On the search of a solution I tested also the Standard Mode instead of the Fast Mode. I usually get more Errors in the Standard Mode than in the Fast Mode so this is strange. I noticed if I disable the Analog Filter I'll get a bit less errors. When I enable the Analog Filter and set the digital Filter coefficient to 15 (max) then I will get more errors. I also measured the real rise and fall times on the bus (10% to 90% --> tr ~255 ns, tf ~ 25 ns) and used these values in the timing in CubeMX. A few test later I get the fewest errors if I choose the Fast Mode with the Analog Filter disabled and the digital Filter coefficient set to 0 and if I choose a rise time of 300 ns and a fall time of 30 ns. Even with these settings I roughly get 4 errors in 30 s (with 1 ms delay). Keep in Mind that the communication on the bus looks similar to the picture in the attachment and no error is visible on the bus.

Trough some Debugging I located the error at the waiting for some flags. Over a period of 10 minutes I could capture 3 timeouts for the RXNE flag in the HAL_I2C_Mem_Read() function. I also received 3 timeouts for the TXIS flag in the I2C_RequestMemoryRead() which is called in the HAL_I2C_Mem_Read() function. Also in the I2C_RequestMemoryRead() function I got 6 timeouts for the TC flag. Each time the communication on the bus looks good but the MPU didn't get the right sample.
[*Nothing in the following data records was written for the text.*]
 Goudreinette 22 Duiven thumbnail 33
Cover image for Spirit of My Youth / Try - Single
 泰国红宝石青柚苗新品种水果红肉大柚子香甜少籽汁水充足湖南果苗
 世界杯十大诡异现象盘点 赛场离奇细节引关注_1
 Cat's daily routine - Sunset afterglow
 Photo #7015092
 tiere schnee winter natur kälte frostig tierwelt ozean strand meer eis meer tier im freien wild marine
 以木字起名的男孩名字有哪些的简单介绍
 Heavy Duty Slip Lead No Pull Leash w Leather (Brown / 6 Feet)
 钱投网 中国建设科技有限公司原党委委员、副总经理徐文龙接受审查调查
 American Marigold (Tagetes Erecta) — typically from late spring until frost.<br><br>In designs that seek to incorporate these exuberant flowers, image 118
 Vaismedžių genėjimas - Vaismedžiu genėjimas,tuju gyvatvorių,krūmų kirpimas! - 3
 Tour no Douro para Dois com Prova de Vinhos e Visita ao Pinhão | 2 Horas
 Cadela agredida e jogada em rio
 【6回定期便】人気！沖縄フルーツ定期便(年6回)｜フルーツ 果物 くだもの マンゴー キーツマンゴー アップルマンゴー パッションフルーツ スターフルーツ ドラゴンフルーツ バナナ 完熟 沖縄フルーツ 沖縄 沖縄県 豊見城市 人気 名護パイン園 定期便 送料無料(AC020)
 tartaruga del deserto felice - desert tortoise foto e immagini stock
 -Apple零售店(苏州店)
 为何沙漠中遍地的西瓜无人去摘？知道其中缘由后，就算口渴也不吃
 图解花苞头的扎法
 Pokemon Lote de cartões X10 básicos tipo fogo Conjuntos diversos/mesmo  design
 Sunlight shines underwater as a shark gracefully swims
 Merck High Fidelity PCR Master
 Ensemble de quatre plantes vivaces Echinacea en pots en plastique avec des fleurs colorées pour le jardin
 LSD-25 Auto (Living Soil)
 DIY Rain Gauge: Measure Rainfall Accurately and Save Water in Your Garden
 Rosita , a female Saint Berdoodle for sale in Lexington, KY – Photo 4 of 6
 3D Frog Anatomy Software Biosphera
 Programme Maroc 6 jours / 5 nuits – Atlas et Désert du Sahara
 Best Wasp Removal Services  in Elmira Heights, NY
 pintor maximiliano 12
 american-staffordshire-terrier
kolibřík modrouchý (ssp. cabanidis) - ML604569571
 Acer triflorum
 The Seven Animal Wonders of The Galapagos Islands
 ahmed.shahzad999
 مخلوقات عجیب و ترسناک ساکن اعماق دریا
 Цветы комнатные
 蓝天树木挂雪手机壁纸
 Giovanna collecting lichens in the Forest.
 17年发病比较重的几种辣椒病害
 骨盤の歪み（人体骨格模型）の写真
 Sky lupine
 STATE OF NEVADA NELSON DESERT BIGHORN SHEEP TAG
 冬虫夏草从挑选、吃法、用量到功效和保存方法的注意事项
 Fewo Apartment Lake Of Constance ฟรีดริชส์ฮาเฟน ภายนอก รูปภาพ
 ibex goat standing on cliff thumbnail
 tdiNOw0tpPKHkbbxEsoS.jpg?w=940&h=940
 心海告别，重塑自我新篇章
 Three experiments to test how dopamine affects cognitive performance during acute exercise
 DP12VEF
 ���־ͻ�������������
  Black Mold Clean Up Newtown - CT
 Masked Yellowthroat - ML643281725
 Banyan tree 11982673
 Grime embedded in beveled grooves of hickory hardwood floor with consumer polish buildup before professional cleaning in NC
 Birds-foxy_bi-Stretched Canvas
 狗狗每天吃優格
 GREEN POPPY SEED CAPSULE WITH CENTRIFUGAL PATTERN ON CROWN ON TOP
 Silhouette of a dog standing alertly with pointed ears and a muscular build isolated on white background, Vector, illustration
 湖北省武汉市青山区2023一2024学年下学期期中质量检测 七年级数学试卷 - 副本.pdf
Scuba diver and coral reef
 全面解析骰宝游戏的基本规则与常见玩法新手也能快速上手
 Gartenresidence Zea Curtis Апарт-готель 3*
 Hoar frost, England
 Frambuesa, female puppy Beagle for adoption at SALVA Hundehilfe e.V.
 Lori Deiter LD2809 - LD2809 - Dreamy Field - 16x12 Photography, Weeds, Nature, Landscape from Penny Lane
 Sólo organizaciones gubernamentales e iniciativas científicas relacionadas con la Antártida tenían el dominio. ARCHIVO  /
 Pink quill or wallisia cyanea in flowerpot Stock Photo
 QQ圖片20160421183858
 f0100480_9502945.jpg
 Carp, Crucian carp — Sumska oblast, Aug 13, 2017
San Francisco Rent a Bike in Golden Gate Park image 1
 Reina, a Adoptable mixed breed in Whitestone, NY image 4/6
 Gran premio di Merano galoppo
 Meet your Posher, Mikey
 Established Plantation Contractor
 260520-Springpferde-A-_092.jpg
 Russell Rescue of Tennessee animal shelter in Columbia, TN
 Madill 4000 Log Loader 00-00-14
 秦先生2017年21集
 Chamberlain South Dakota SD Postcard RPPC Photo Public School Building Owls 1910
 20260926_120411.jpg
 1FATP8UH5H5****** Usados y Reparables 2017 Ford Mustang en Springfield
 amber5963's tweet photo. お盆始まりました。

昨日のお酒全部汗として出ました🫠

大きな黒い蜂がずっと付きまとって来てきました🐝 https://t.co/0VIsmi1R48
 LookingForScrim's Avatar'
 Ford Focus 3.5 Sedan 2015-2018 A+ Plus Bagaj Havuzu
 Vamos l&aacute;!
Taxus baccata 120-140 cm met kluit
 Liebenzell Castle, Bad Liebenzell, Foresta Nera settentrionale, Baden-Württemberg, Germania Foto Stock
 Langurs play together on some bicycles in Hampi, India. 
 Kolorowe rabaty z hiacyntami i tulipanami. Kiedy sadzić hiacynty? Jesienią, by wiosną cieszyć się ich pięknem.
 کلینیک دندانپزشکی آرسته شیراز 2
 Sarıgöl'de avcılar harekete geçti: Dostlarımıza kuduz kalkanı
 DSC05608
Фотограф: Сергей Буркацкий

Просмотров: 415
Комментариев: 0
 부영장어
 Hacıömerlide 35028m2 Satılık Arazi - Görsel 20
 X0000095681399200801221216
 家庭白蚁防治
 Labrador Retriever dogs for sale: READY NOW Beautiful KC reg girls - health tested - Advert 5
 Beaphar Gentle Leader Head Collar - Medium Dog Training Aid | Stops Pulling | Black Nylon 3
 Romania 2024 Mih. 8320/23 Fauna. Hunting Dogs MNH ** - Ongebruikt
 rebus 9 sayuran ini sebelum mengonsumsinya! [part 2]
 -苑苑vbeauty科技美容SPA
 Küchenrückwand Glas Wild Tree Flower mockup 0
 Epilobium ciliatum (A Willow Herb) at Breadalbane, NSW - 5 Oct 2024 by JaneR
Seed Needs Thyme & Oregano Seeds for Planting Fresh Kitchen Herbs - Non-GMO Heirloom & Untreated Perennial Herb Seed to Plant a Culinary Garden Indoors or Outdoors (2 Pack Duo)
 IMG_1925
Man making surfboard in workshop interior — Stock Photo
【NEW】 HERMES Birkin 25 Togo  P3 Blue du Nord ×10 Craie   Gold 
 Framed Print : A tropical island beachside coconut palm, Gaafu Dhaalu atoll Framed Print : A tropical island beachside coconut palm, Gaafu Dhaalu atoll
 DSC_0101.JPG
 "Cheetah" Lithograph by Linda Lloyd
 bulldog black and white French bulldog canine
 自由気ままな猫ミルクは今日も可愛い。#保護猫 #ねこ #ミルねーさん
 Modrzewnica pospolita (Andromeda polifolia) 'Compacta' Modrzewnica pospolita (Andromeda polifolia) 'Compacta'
I already looked up the errata sheet of the STM32 MP153A (ES0438 Rev 7). There is a case (2.19.1) of wrong data sampling if the data setup time is shorter than one I2C kernel clock period. As a workaround I increased the I2CClk Frequency from the previous 64 MHz (Clk src HSI) to 100.5 MHz (Clk src PCLK1) and changed the Timing respectively. This workaround did not help and the errors did not vanish. I even tried a much slower I2C Kernel Clk with 4 MHz (Clk src CSI) but this also did not work. In the next case (2.19.2) there are bus errors with the consequence that the BERR flag is set. I checked this flag but this flag is never set when I get an error. The next case (2.19.3) is not relevant because we don't have a multi master bus. Also the next case (2.19.4) is not relevant because we have clock stretching enabled. The last case (2.19.5) speaks from a stall after the transfer of the first byte if the ratio of the I2c APB Clock and the I2c Kernel Clock is between 1.5 and 3.0. The Workaround is the changing of this ratio to be higher than 3 or to be lower than 1.5. The APB Clk is set to 100.5 MHz and can not be changed due to the project requirements but I already increased the I2C Kernel Clk to 100.5 MHz and 4 MHz (see above) therefore the ratio is either 1.0 or 25.1 and also this workaround did not help.

I made the observation if I increase the delay in the while loop from 1 ms to 10 ms or even 100 ms I get no errors within 5 min. I even tested the communication with a delay from 10 ms within 30 min in two runs. In the first run I didn't get an error at all and in the second run I get a single error. For these tests I changed the I2C kernel clk back to the previously 64 MHz. This seems to be a workaround but we have a zero error tolerance and we need a communication rate of at least 200 Hz so the delay of 10 ms is already to long.

You see I already tested a lot of things and I have a urgent need for some help. I hope you have some things I can also test and maybe there is the right solution for my Problem.